Le Moyen-Orient plonge dans l'inconnu ? (Edmond de Rothschild AM)

Une escalade militaire sans précédent depuis 1979
Comme nous le craignions dans notre note publiée vendredi, D. Trump a pris acte de l’incapacité à trouver un accord selon ses propres termes dans le dossier nucléaire et décidé de lancer une opération militaire de grande envergure contre l’Iran. L’élimination dès les premières heures du conflit du guide suprême, A. Khamenei, mais aussi de 48 autres dirigeants politiques et militaires, a confirmé que l’objectif des Etats-Unis et d’Israel était bien un changement de régime et non pas la seule destruction des capacités nucléaires et balistiques de Téhéran.

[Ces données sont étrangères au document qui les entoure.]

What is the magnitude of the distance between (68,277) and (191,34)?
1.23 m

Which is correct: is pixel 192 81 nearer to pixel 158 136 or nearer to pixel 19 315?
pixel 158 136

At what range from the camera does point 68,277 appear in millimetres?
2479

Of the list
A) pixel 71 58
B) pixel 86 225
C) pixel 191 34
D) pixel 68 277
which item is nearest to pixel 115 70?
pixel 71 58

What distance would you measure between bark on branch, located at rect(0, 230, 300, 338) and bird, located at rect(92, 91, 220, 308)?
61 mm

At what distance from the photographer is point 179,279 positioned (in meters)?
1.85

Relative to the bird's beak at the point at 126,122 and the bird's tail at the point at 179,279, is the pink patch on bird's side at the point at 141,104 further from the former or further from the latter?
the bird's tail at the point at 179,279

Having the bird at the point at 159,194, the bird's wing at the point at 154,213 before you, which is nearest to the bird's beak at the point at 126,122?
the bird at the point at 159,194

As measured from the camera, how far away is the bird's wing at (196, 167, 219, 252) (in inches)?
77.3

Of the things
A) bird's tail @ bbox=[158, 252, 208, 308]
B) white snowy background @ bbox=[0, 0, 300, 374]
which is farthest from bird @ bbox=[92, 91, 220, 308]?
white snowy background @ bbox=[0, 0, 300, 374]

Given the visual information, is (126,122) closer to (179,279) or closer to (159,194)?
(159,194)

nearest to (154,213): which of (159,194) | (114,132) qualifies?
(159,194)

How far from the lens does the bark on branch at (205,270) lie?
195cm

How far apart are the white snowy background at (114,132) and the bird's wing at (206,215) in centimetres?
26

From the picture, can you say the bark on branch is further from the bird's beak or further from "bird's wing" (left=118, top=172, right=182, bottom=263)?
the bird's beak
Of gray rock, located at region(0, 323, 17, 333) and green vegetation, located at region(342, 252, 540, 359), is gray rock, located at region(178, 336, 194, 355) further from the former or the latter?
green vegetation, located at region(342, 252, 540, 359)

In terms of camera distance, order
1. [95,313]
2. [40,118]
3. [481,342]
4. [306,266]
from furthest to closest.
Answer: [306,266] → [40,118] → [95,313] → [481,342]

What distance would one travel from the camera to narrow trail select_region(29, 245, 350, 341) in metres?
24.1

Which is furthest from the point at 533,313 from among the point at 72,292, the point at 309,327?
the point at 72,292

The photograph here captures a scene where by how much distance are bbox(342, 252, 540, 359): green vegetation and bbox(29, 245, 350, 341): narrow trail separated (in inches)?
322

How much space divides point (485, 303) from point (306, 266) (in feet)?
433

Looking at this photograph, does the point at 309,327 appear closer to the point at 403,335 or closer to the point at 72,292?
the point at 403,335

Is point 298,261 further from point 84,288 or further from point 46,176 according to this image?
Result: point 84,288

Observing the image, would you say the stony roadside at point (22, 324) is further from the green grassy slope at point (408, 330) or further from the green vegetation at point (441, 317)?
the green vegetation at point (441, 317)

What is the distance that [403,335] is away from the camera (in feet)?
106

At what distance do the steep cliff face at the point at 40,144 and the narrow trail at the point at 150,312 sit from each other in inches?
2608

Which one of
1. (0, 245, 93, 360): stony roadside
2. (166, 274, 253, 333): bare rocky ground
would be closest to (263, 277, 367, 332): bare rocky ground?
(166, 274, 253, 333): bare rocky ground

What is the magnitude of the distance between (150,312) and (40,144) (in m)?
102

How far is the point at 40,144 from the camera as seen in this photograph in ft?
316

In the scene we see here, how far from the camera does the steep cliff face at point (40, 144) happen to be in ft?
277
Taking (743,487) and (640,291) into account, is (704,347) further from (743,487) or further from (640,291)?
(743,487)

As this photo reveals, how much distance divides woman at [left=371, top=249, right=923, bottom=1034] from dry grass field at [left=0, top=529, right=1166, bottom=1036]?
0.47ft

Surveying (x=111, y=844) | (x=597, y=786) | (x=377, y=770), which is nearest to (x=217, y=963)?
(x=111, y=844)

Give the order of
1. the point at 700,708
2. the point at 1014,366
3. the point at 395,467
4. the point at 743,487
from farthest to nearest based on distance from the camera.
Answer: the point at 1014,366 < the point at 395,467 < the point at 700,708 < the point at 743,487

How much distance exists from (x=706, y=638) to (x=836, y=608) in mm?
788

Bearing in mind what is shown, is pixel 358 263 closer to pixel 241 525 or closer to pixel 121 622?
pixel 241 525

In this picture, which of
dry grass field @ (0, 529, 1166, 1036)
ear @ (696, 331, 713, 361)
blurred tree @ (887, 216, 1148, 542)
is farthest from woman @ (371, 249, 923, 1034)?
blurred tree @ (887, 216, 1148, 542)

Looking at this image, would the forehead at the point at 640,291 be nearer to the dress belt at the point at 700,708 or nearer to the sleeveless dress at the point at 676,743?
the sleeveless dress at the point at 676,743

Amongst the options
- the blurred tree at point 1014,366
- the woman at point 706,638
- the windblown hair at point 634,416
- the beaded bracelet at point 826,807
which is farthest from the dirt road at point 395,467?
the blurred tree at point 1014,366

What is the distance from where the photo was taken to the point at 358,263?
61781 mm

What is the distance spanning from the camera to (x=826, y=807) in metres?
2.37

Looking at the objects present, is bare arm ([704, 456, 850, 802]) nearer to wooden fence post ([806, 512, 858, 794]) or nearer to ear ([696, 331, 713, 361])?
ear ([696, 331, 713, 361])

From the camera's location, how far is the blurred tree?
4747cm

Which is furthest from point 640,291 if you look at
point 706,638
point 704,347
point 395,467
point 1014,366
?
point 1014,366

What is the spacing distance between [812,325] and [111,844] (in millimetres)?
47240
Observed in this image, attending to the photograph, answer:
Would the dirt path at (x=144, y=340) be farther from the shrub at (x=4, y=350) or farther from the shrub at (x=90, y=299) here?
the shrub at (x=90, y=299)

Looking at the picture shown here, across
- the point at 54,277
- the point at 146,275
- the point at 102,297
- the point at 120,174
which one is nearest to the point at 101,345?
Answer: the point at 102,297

Si le monde a connu de nombreuses phases de tensions entre les deux camps depuis 1979, il s’agit là d’une escalade sans précédent dont les conséquences seront profondes et durables pour l’ensemble de la région et sans doute pour les équilibres géopolitiques au niveau mondial tant il apparait que cette intervention est aussi un message envoyé à la Chine dont l’Iran était un partenaire, tout comme le Venezuela auparavant.

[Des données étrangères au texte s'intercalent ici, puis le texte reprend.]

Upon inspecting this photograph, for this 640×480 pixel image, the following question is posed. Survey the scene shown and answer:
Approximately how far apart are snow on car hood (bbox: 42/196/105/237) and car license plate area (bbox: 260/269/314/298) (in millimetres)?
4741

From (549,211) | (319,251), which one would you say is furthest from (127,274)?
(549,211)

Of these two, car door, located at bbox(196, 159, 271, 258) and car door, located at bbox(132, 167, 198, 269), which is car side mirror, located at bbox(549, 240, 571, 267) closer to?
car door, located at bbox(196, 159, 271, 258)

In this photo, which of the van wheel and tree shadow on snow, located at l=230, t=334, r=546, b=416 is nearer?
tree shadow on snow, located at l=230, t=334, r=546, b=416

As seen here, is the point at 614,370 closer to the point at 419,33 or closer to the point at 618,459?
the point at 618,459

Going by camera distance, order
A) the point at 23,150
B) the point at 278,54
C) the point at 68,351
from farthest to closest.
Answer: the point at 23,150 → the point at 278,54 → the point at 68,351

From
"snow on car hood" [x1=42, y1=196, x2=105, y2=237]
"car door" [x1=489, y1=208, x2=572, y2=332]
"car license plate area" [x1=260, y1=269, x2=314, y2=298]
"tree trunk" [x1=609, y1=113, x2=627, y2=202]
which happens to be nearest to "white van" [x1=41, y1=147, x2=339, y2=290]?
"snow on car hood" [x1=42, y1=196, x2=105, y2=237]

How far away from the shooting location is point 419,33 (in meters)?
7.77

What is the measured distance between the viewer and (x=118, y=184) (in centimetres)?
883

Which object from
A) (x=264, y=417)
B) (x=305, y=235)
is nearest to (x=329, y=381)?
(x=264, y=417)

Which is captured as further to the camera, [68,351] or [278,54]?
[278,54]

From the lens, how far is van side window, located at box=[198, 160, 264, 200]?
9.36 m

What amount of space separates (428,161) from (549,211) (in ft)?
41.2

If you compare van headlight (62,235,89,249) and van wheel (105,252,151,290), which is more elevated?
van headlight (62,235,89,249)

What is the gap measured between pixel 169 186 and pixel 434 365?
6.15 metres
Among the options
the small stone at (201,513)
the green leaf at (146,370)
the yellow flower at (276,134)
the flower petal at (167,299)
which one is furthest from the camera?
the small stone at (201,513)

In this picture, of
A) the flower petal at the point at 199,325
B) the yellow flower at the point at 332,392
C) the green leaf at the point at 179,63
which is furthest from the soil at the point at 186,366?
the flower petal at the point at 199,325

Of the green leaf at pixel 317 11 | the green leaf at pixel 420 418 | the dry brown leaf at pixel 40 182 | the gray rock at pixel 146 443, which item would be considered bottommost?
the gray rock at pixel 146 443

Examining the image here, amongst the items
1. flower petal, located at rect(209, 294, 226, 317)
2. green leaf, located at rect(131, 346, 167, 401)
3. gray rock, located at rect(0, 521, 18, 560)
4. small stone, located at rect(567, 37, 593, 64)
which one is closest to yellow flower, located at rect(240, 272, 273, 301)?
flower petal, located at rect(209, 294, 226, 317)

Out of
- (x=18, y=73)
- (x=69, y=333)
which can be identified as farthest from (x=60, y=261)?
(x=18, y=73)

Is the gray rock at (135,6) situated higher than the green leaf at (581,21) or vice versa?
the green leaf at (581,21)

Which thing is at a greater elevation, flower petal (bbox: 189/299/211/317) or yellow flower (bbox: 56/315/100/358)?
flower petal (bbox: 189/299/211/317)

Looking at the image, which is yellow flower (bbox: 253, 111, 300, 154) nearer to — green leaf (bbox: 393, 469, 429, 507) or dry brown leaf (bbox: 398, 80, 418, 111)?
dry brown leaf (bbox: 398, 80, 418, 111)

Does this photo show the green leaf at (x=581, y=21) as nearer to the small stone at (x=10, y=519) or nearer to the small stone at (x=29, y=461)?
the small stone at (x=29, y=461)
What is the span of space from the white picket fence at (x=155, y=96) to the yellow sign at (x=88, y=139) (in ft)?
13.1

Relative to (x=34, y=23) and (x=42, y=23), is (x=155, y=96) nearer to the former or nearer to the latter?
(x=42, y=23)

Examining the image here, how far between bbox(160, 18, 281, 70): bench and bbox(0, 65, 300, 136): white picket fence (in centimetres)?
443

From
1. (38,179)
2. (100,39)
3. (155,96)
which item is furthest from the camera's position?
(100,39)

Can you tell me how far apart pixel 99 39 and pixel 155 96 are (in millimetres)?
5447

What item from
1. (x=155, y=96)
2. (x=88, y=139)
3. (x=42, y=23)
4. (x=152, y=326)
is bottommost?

Un conflit qui se régionalise et menace les équilibres du Golfe
Confronté à une menace existentielle désormais, le régime iranien a décidé de régionaliser le conflit en s’attaquant à de nombreux pays voisins à l’instar des Emirats Arabes Unis, du Bahreïn, de l’Arabie Saoudite et même d’Oman alors que ce dernier a pourtant servi d’intermédiaire dans les négociations avec les Etats-Unis. À ce stade, ces Etats font preuve de retenue et se contentent d’intercepter les missiles iraniens mais à mesure que leurs capacités défensives s’approcheront de leurs limites et que les dégâts humains et matériels s’accroitront, le risque d’une riposte sur le territoire iranien ne pourra plus être exclu. La France, le Royaume-Uni et l’Allemagne ont également adopté une stratégie défensive à ce stade, en déployant des forces militaires dans la région afin de protéger leurs intérêts mais une plus grande implication de leur part dans les frappes contre Téhéran n’est pas à écarter, en particulier après l’attaque contre une base militaire britannique à Chypre. Enfin, l’entrée en guerre du Hezbollah ouvre un nouveau front particulièrement dangereux pour Israel mais qui est de nature à conforter B. Netanyahou dans sa stratégie d’élimination définitive de toute menace iranienne, y compris ses proxys.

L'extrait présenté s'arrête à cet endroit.